In a play to regain its market position, AT&T has slashed rates for family plans consuming large amount of data. Under the operator’s new “best-ever prices” plan, a family using four smart phones can now pay $160 a month instead of the earlier fees of $200 a month.
Users will be able to access 10-gigabytes of shared data, unlimited calling and text messaging under the newly introduced plan. This is aimed at aggressively regaining market share lost to rival T-Mobile.
The After Effect & Market Reaction
The price cut is sending jitters among investors, as they fear the recent move by AT&T will prompt market leader Verizon (VZ) and rival telecom operators to follow suit. Verizon currently charges $100 more for the same plan, while T-Mobile charges $20 more per month (read: 3 Telecom ETFs to Watch on Huge Verizon Deal).
The price war is expected to drag down margins and profitability in the telecom industry.

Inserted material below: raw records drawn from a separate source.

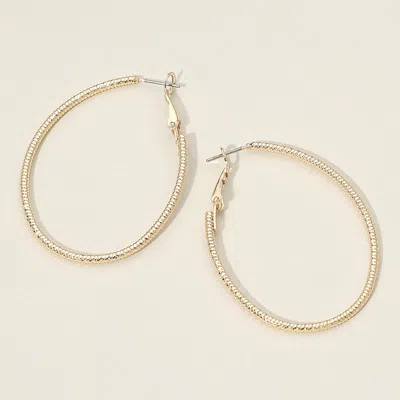 Fashnzfab Gold Dipped Textured Oval Hoop Earrings 1.5" X 2"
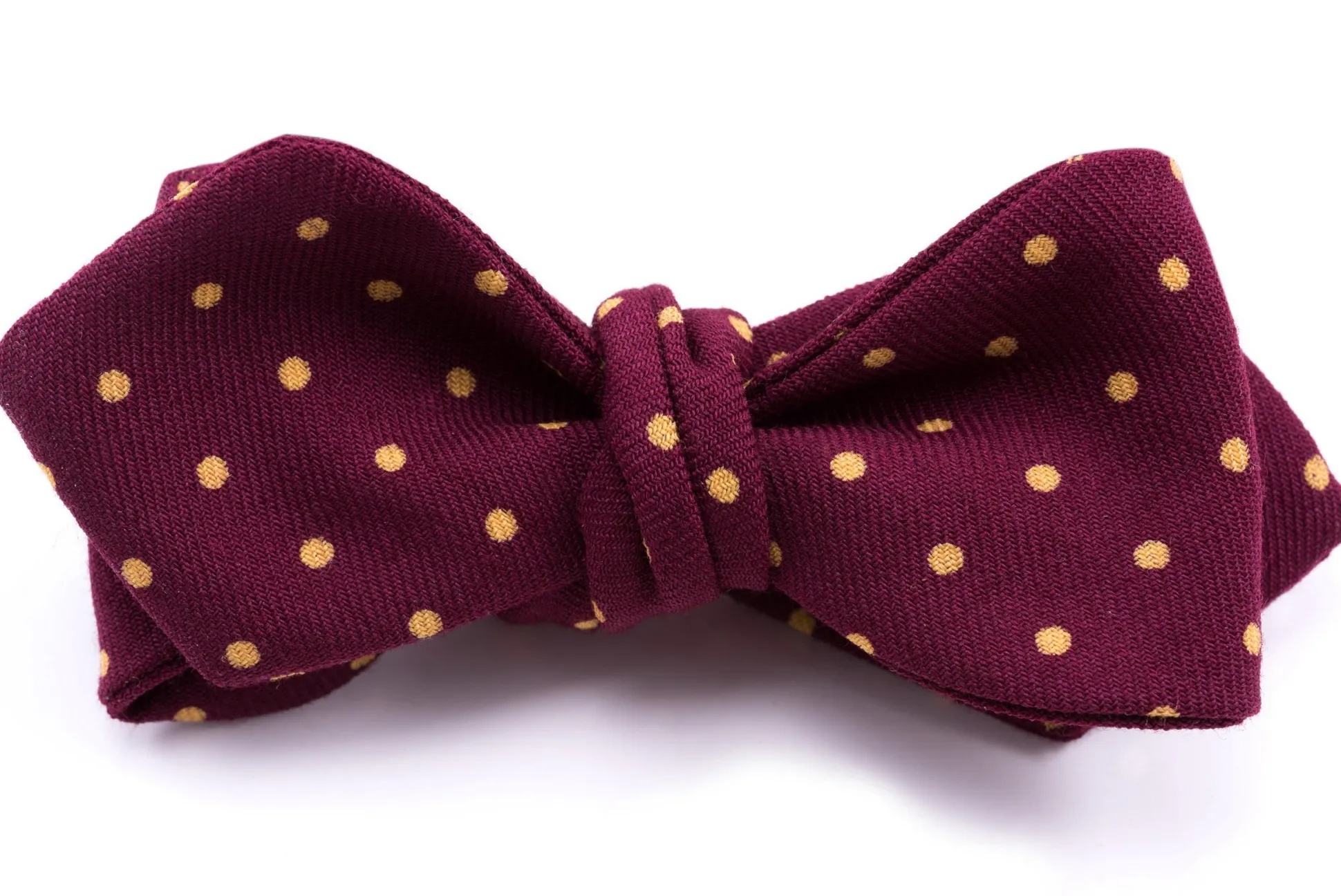 Burgundy & Yellow Polka Dot Wool Challis Bow Tie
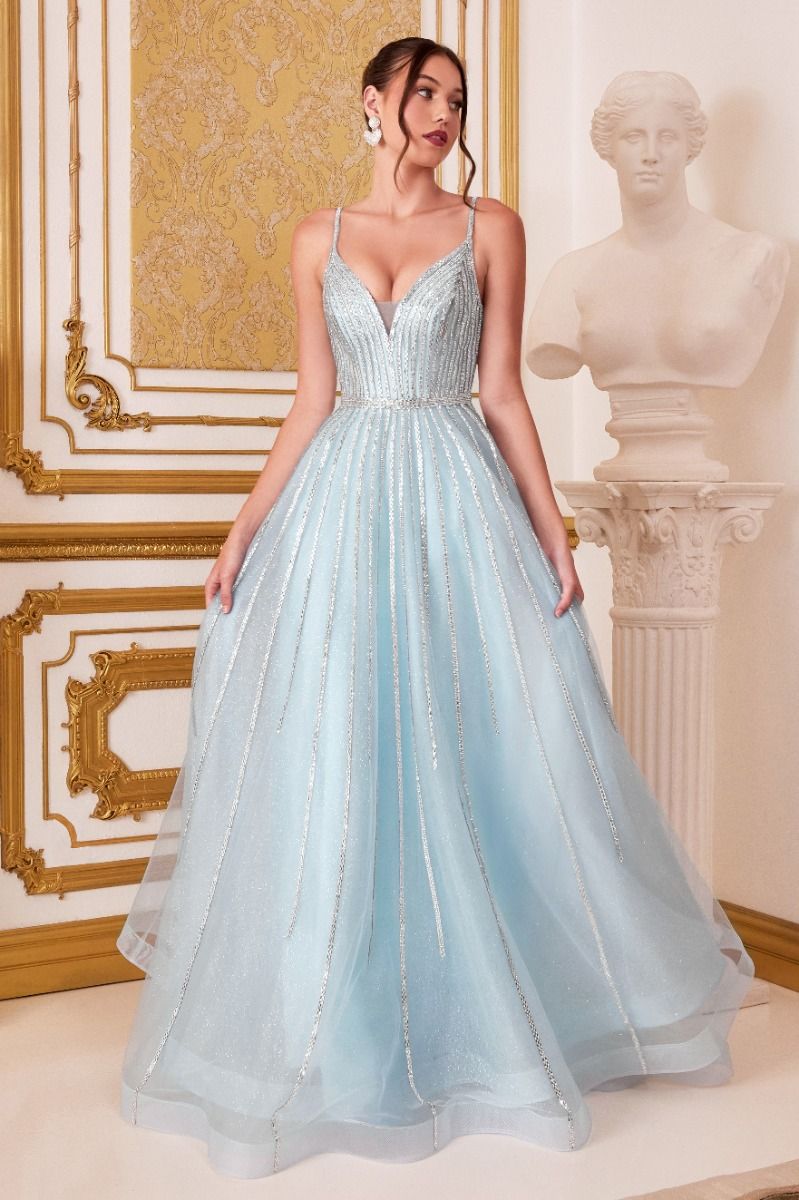 CHARLISE A Line Diamante Sequin Ballgown with beaded bodice and voluminous skirt, formal dress Brisbane to Gold Coast.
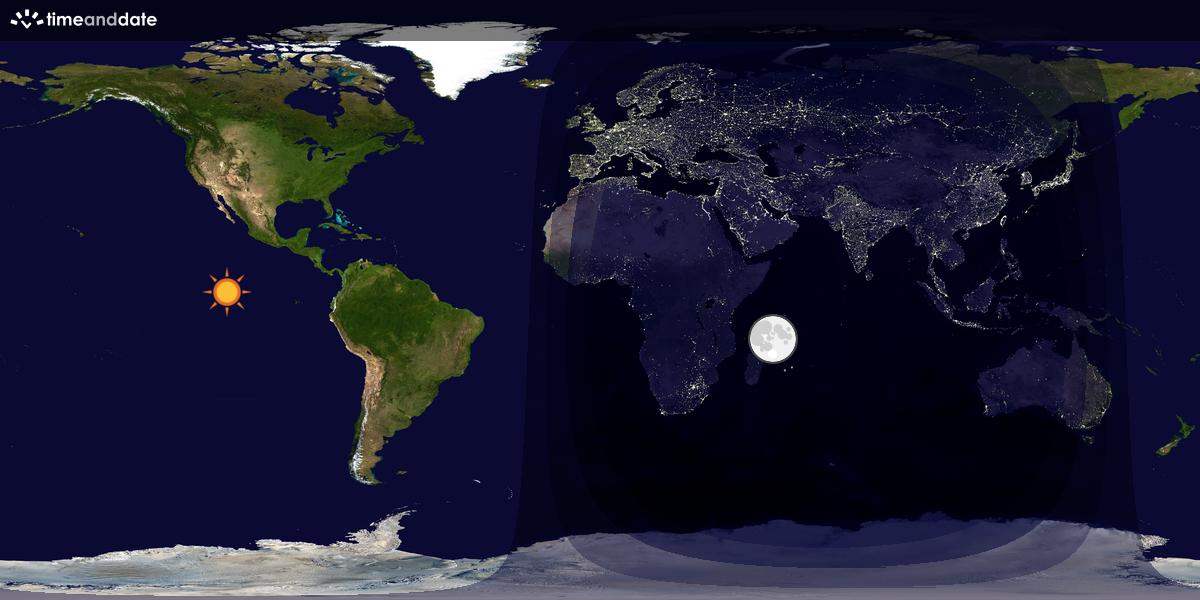 Verdenskart som viser dag og natt 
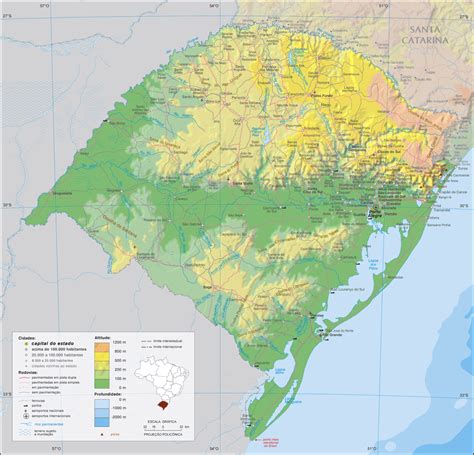 Mapa Geográfico do Rio Grande do Sul - Geografia Física - InfoEscola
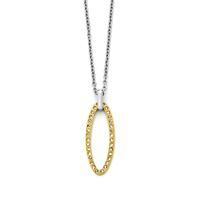 Collier femme acier 2 tons et zircons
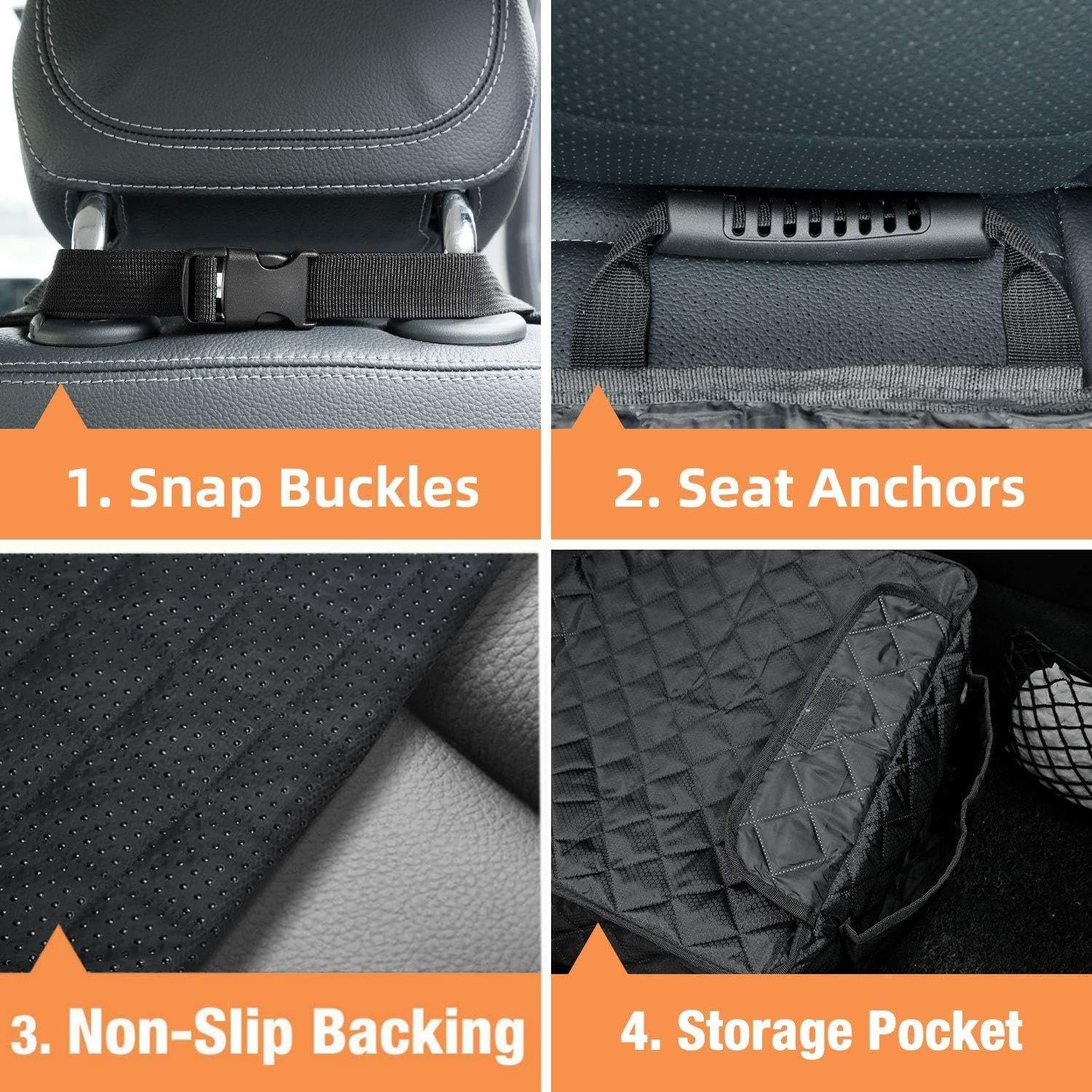 PETICON Waterproof Front Seat Car Cover 2 Pack, Full Protection Dog Car Seat Cover with Side Flaps, Nonslip Scratchproof Captain Chair Seat Cover Fits for Cars, Trucks, SUVs, Jeep, Black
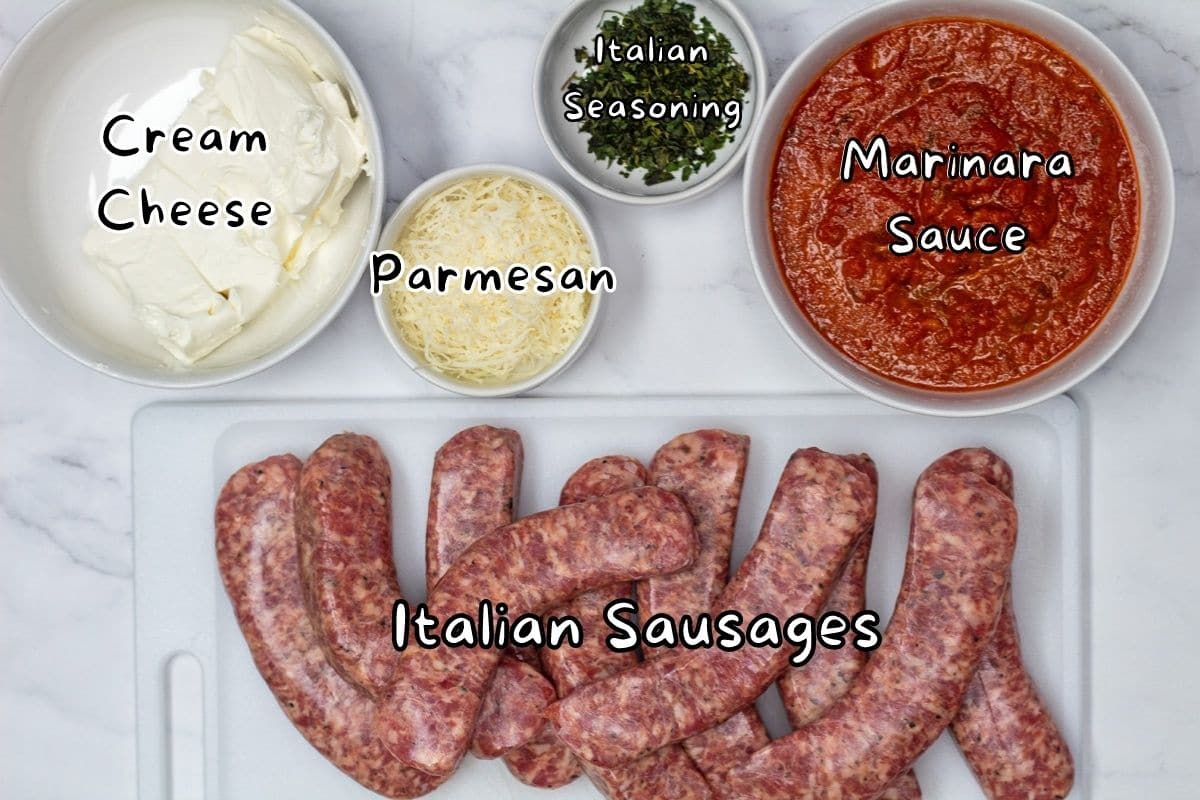 Stuffed Italian sausages ingredients with labels.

The fear of an ongoing pricing war caused all the major telecom stocks to take a beating in recent trading sessions.
ETF Impact in the session
All the eight telecom ETFs closed the trading session in the red. iShares MSCI ACWI ex US Telecommunication Services Sector Index Fund (AXTE) was the biggest loser in yesterdays trading session shedding more than 4%.
Moreover, other telecom and technology ETFs having double-digit exposure in AT&T, such as, Vanguard Telecommunication Services ETF (VOX), Fidelity MSCI Telecommunication Services Index ETF (FCOM) and iShares Global Telecom ETF (IXP) lost around 3%.